What is a nation? Profound discussion at Church & Peace Conference in Pristina



Barbara Forbes

According to Leonardo Gialloretti a nation is an entity which carves out as much territory for itself as it can, thus bringing division and despair to groups which had hitherto lived, with minimal friction, alongside and intertwined with each other.

Leonardo Emberti Gialloretti from the  of the Sant'Egidio community in Rome, gave this thought to the recent gathering of Church and Peace in Kosovo in the heart of the Balkans – a region which, we were told, has “too much history”. Different peoples, he went on, have different interpretations of the same events – and every people's story has to do with sorrow. Sorrow is engraved on the heart of the Balkan people, as it is on many communities all around the world; and the only way to heal this sorrow is through dialogue.

Dialogue is at the heart of the mission of Church and Peace, a European ecumenical network of churches, organisations and individuals who wish to renew continually their commitment to living as members of a peace church. As well as enabling networking and mutual support between its members, Church and Peace has contributed to the thinking of the World Council of Churches and has recently been a major influence in the German Protestant Church's decision to examine what it would mean to be a “church of a just peace”.

It is not easy being a network whose members are so scattered, and the annual meetings are an important landmark in the calendar. This time, the network had been invited to Kosovo by one of its newest members, the evangelical protestant Fellowship of the Lord's People – a small church in a country where 95% come from a Muslim background and where the other 5% is mainly shared between Roman Catholics and Serbian Orthodox. Nevertheless, this little church has been welcomed by the other faiths into their midst and we were able to meet representatives of all the other religious communities in the country – including one of only 50 Jews.
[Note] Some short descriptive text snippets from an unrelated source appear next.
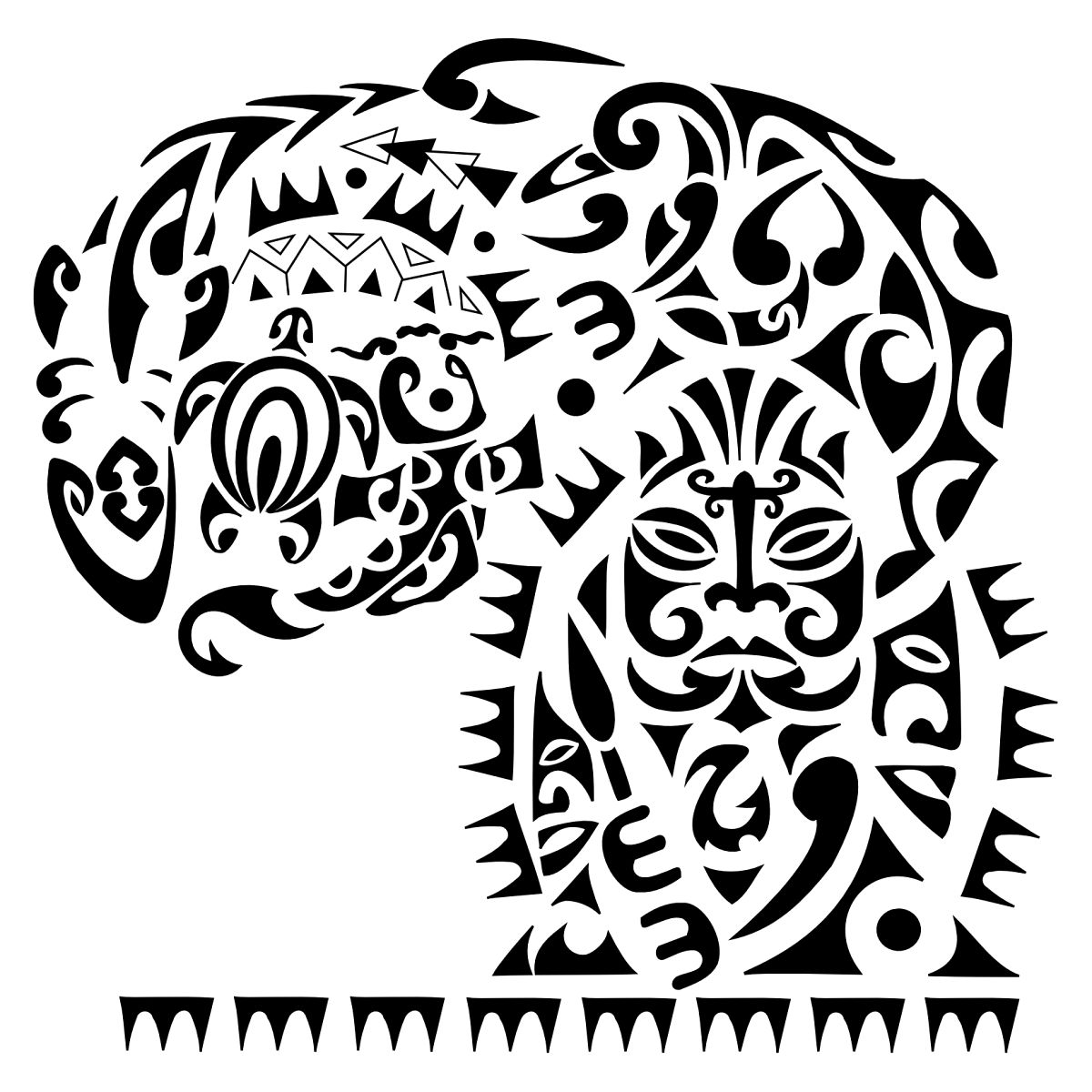 Tattoo image of Warrior, Safety, family downloadable hi-res tattoo flash design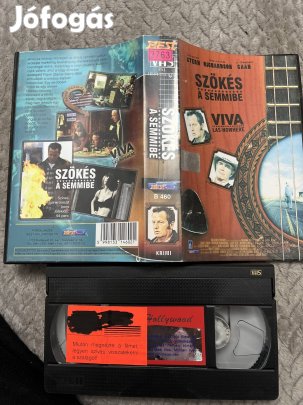 Szökés a semmibe vhs kistok krimi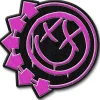 Sale Blink-182: Pink neon six arrows smile - Kangasmerkki Blink-182|Kangasmerkit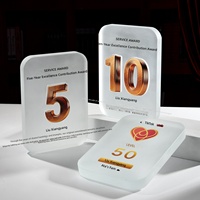 Trophée en cristal 2026 sur mesure, conception gratuite, médaille créative pour anniversaire, récompense pour réunion annuelle, employés exceptionnels, départ à la retraite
The recent violent history of Kosovo means that everyone over 20 has vivid memories of war, death and destruction. Much of the country was destroyed, and whole villages are  being rebuilt. The country is under UN administration and is protected by KFOR troops – something which is unobtrusive until, for example, you have to go through a NATO checkpoint before proceeding to a famous and beautiful mediaeval Serbian Orthodox monastery which needs protection because of its policy of sheltering people from all ethnicities during periods of conflict.
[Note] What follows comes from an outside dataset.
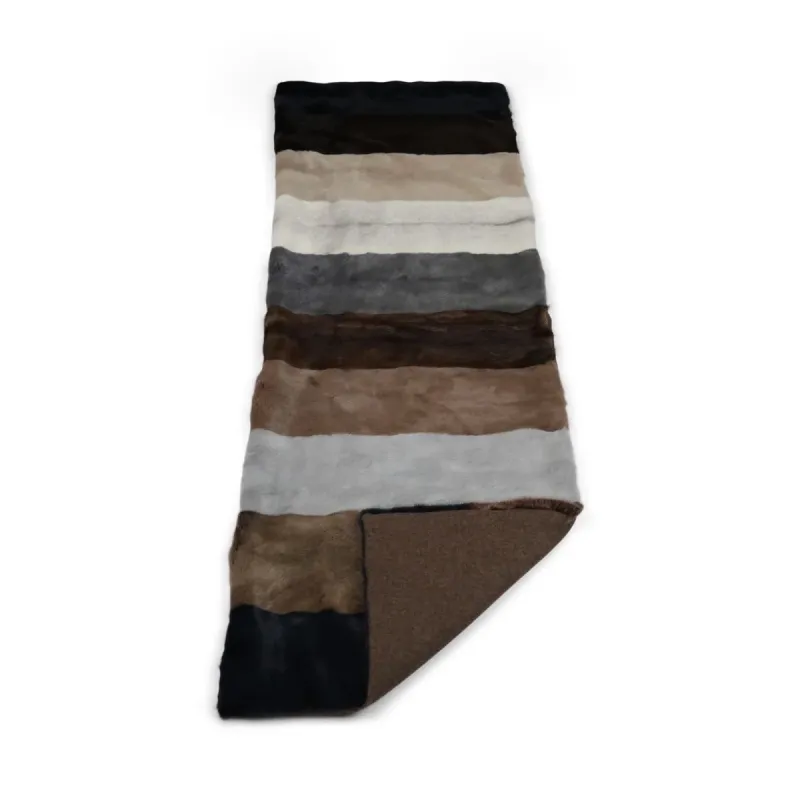 Minkplaid | Cashmerebagside | Multifarvet | 52x156 cm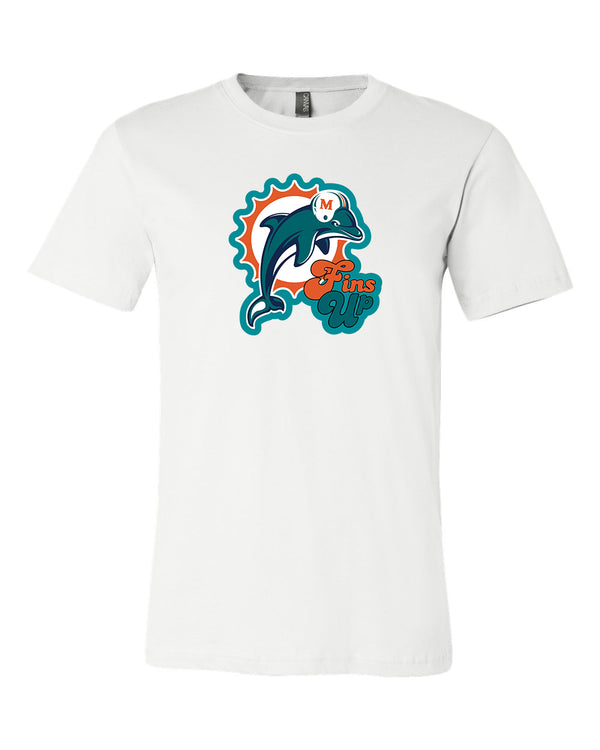 Miami Dolphins Fins Up NFL Team logo shirt  S - 5XL!!! Fast Ship!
Standing on the site of the Battle of Kosovo in 1389, we learned that this was the spot where Milosevic's 1989 speech signalled the disintegration of Yugoslavia; every year crowds still come to make nationalist pro-Serbian speeches. Although the church leaders are engaged in continual dialogue, it was not clear how influential they are amongst the general public, nor what is the level of religious observance in the different communities. We learned that tension is increasing, and during our visit some MPs in parliament threw tear gas at each other while debating a proposal to give greater control to Serbs in those areas where they are in the majority. Two days after our departure, one of those MPs was arrested, leading to street riots. But thanks to electronic communication, we were able to establish from our newly-found friends that calm was quickly restored.

Here in the west, we can only guess at the importance to our Balkan friends of the support and solidarity they experience by being part of this network.